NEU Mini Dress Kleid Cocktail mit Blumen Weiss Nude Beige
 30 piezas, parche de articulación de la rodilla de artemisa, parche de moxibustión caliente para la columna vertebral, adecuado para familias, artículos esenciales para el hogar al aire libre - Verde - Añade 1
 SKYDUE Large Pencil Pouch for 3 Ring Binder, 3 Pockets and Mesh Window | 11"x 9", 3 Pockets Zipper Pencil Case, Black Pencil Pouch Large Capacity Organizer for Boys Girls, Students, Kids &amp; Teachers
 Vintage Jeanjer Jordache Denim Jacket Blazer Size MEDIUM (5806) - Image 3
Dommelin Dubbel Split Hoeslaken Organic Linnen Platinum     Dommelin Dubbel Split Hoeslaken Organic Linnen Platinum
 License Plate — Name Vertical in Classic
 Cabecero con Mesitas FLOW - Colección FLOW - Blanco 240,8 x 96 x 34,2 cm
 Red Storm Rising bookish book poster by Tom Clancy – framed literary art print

----------

**What the task requires:** Every record shown above should be set down again exactly.

**Result below:**
NEU Mini Dress Kleid Cocktail mit Blumen Weiss Nude Beige
 30 piezas, parche de articulación de la rodilla de artemisa, parche de moxibustión caliente para la columna vertebral, adecuado para familias, artículos esenciales para el hogar al aire libre - Verde - Añade 1
 SKYDUE Large Pencil Pouch for 3 Ring Binder, 3 Pockets and Mesh Window | 11"x 9", 3 Pockets Zipper Pencil Case, Black Pencil Pouch Large Capacity Organizer for Boys Girls, Students, Kids &amp; Teachers
 Vintage Jeanjer Jordache Denim Jacket Blazer Size MEDIUM (5806) - Image 3
Dommelin Dubbel Split Hoeslaken Organic Linnen Platinum     Dommelin Dubbel Split Hoeslaken Organic Linnen Platinum
 License Plate — Name Vertical in Classic
 Cabecero con Mesitas FLOW - Colección FLOW - Blanco 240,8 x 96 x 34,2 cm
 Red Storm Rising bookish book poster by Tom Clancy – framed literary art print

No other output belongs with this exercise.